ATLANTA (CBS Atlanta) – Many feel as though a cough lingers well after other symptoms of illness have gone away – and those people may have a point. A new study has found that the average cough lasts around 18 days, a fact which leads to widespread misconceptions regarding proper treatment of a cough.
The study, conducted by researchers at the University of Georgia and funded by the Institute for Evidence-Based Health Professions Education at UGA, looked at 19 observational studies that examined anywhere between 23 and 1,230 patients, all of which took place in either the United States, Europe, Russia or Kenya.
That data was used to determine that the average cough reportedly lasts an estimated 17.8 days.
Researchers then asked 500 Georgia residents questions about how long they thought a cough lasted. The average response was seven to nine days, CBS News reported. The difference between a patient’s expectations and the scientific reality lead to frequent misuse of medications, according to researchers involved in the study.
“If a patient expects that an episode of [acute cough illness] should last about 6 or 7 days, it makes sense that they might seek care for that episode and request an antibiotic after 5 or 6 days,” the online version of the study noted. “Furthermore, if they begin taking an antibiotic 7 days after the onset of symptoms, they may begin to feel better 3 or 4 days later, with the episode fully resolving 10 days later.”
Researchers added, “Although this outcome may reinforce the mistaken idea that the antibiotic worked, it is merely a reflection of the natural history of [acute cough illness].”
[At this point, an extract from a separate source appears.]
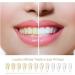 ST4U Teeth Whitening Pen - 1 Pcs Tooth Whitening Gel & Stain Remover for Oral Hygiene - Buy Online on GoSupps.com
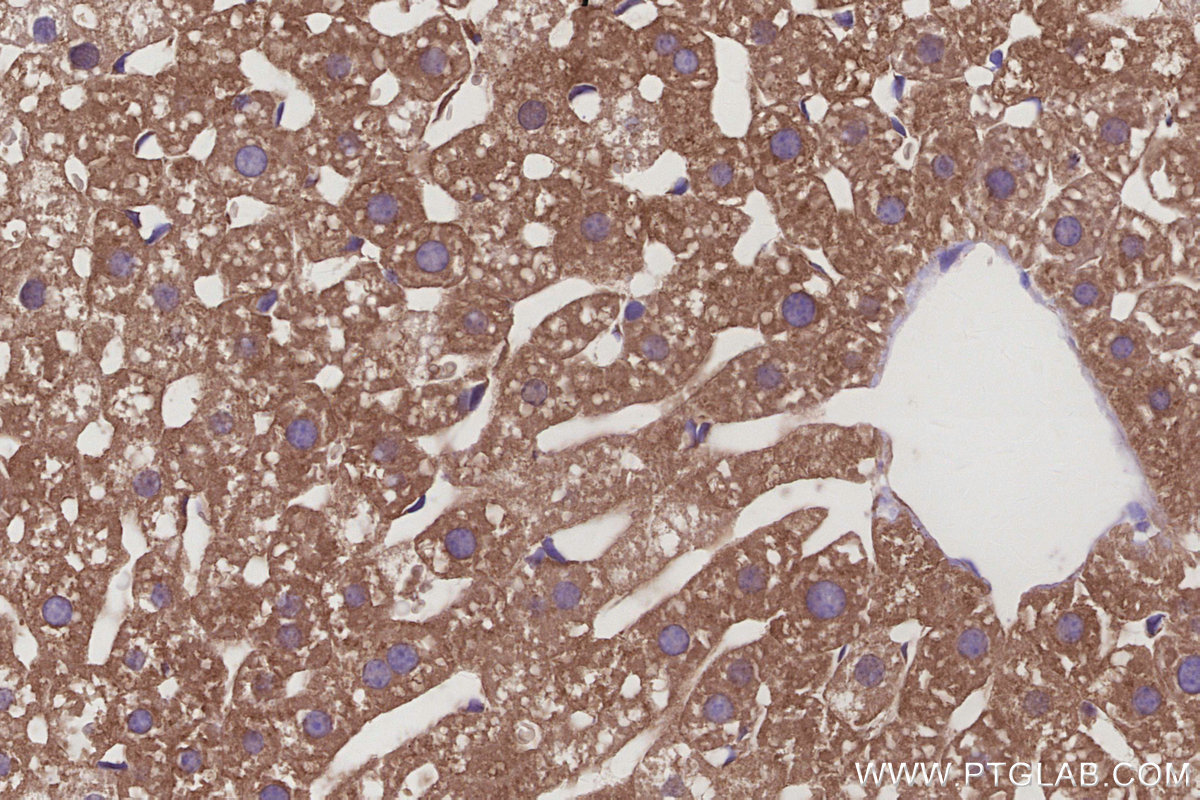 IHC staining of mouse liver using 16493-1-AP IHC staining of mouse liver using 16493-1-AP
According to the Centers for Disease Control and Prevention, people with acute cough illness account for two to three percent of doctor visits, and more than half of them are given a prescription for antibiotics to handle the problem.
Experts feel that this course of treatment is far too often utilized.
“There is a mismatch in what people believe and reality,” Dr. Mark Ebell, associate professor of epidemiology in the UGA College of Public Health, said in a press release obtained by CBS News. “If someone gets acute bronchitis and isn’t better after four to five days, they may think they need to see a doctor and get an antibiotic. And when the first one doesn’t work, they come back for or five days later for another.”
Ebell is fearful that many people are treating their coughs with antibiotics, which leads to antibiotic resistance.
“We know from clinical trials there is very little, if any, benefit to antibiotic treatments for acute cough because most of these illnesses are caused by a virus,” he added.
He additionally noted that these unnecessary doctor visits are raising the costs of health care.
“We are spending a lot of money on things that don’t make us healthier, and it is important to figure out what does work and what doesn’t work,” he added.
The study was published in a recent edition of the Annals of Family Medicine.